He took a flask from his back pocket and drank a slug, letting it burn as it went down. How dare they impugn his honor and his motives! Never in his entire life had he ever betrayed his word, nor failed to protect the interest of his paying clients.
He reached the end of the long block, turned, and began walking down the side street along the now unbroken wall. Definitely sensors all along it. He didn’t dare bring any really good surveillance tools with him, since he assumed that strangers on foot would be observed, but he did have a few things in his clothing that could give him silent readings. The electrical fields were quite clear. The wall was literally riddled with top-of-the line security monitoring systems, that was for sure. Anybody trying to climb over that wall would be known in nothing flat. Anyone using any kind of cloaking to prevent that monitoring would still fail, since the continuous energy field their stuff set up would create a moving silhouette of any intruder that would be just as obvious as someone tripping the alarms. Even the best cloaking would reveal sufficient distortion to draw much attention to the one who was cloaked.

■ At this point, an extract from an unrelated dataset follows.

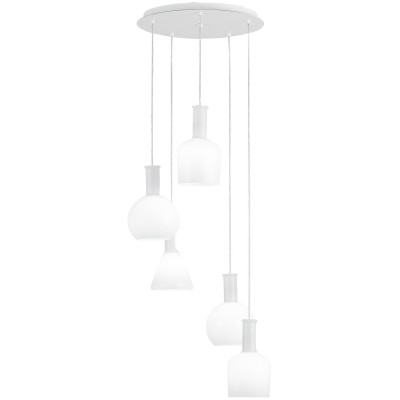 Eglo PASCOA 39143 Подвесной светильник Eglo PASCOA 39143 Подвесной светильникПодвесные<br>Компания «Светодом» предлагает широкий ассортимент люстр от известных производителей. Представленные в нашем каталоге товары выполнены из современных материалов и обладают отличным качеством. Благодаря широкому ассортименту Вы сможете найти у нас люстру под любой интерьер. Мы предлагаем как классические варианты, так и современные модели, отличающиеся лаконичностью и простотой форм. Стильная люстра Eglo 39143 станет украшением любого дома. Эта модель от известного производителя не оставит равнодушным ценителей красивых и оригинальных предметов интерьера. Люстра Eglo 39143 обеспечит равномерное распределение света по всей комнате. При выборе обратите внимание на характеристики, позволяющие приобрести наиболее подходящую модель. Купить понравившуюся люстру по доступной цене Вы можете в интернет-магазине «Светодом».<br><br>Установка на натяжной потолок: Да<br>S освещ. до, м2: 15<br>Тип лампы: Накаливания / энергосбережения / светодиодная<br>Тип цоколя: E27<br>Количество ламп: 5<br>MAX мощность ламп, Вт: 60<br>Диаметр, мм мм: 500<br>Высота, мм: 1500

One thing was certain: the Order of Saint Phineas had money to burn and used it to buy only the best.
Hell, they’d used it to hire him, hadn’t they?
There were two small service entrances in the back wall off an urban alley, but neither afforded any view at all of the inside, not even what could be seen through the front gates. The big house was set back, so it was much closer to the alley than the main street, but there was still a fair amount of space to cover if you went in here, and those sensors were everywhere and quite directional.
So, okay, Murphy. You’re an old fart way past your prime who gets winded going downhill. How the hell would the likes of you get into a place the likes of this one?
He didn’t have an answer for that. In fact, the only answers for the really tough ones were twofold: local, preferably inside information, which he didn’t have, and whatever money it took to finance what was needed to pull it off once you had that information.
He had the money, but it would take far too much to pull something like this off, and to what end? To see the inside? To say goodbye to the Three Ditzy Colleens? Hardly.
Nope. You’d have to go in by air somehow, and silently at that, then land quiet as a mouse on one of them attic dormers, then find one that you could neutralize the alarms for and then open and squeeze in undetected. You’d need night vision, a couple of good ferrets to scout ahead, and personal shielding just in case you stepped on the wrong floorboard and they came looking just to check.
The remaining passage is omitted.